## INSTRUCTIONS FOR THE TASK
With the pictures omitted, repeat exactly the lines below starting with the line that has "Read How To Fight vf Manga Online" and going on through the line that has "4110 Arlington Ridge".

## DATA
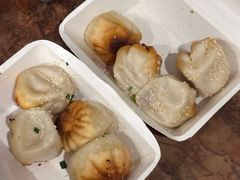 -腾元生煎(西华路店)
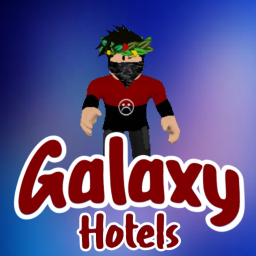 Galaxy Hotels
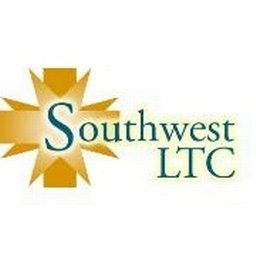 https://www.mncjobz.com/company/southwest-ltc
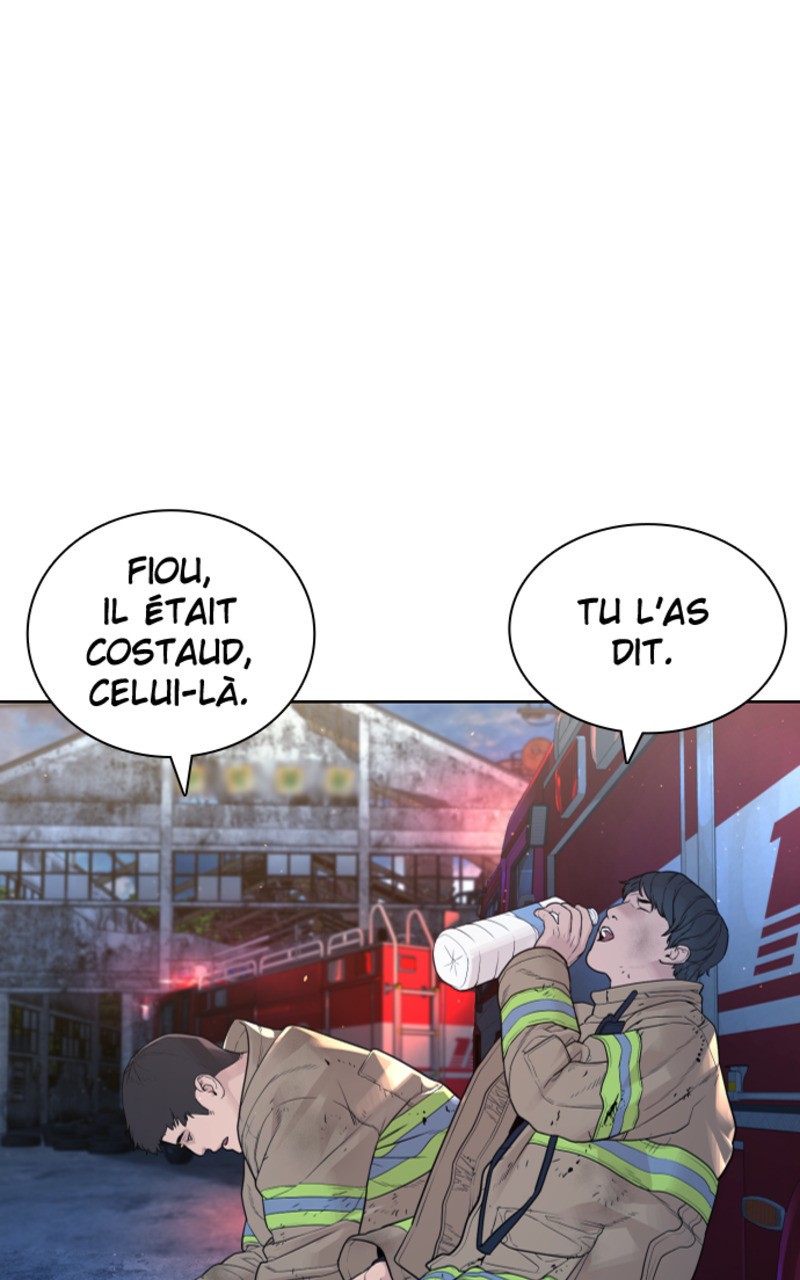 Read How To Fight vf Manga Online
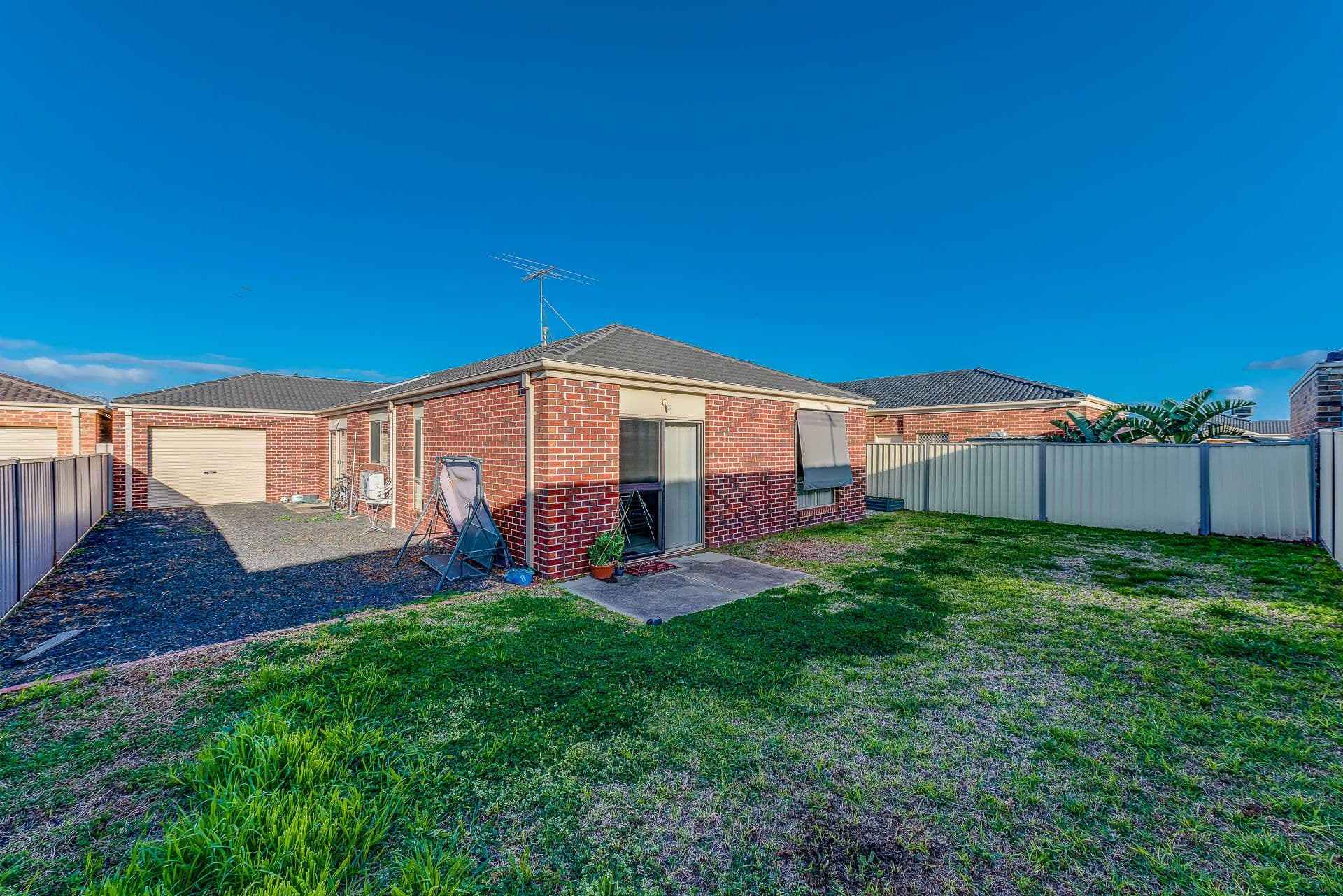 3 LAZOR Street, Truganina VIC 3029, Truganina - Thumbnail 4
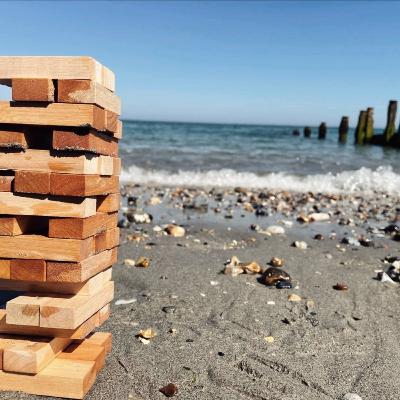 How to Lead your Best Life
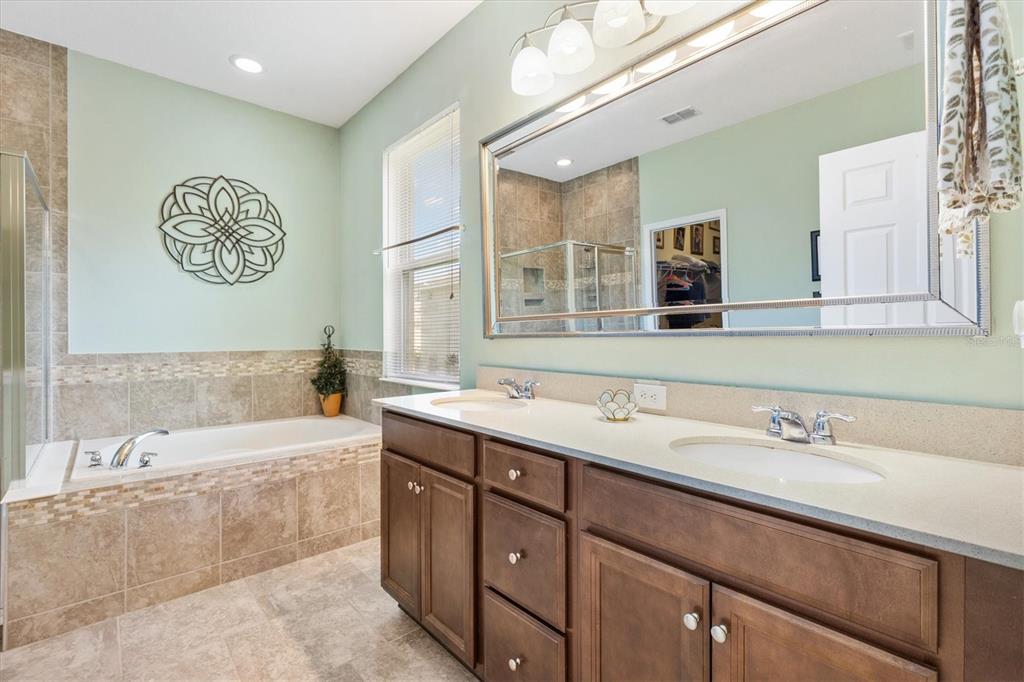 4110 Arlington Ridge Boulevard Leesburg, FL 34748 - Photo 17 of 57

...

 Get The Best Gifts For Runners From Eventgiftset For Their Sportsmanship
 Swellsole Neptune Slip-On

## EXERCISE ANSWER
 Read How To Fight vf Manga Online
 3 LAZOR Street, Truganina VIC 3029, Truganina - Thumbnail 4
 How to Lead your Best Life
 4110 Arlington Ridge Boulevard Leesburg, FL 34748 - Photo 17 of 57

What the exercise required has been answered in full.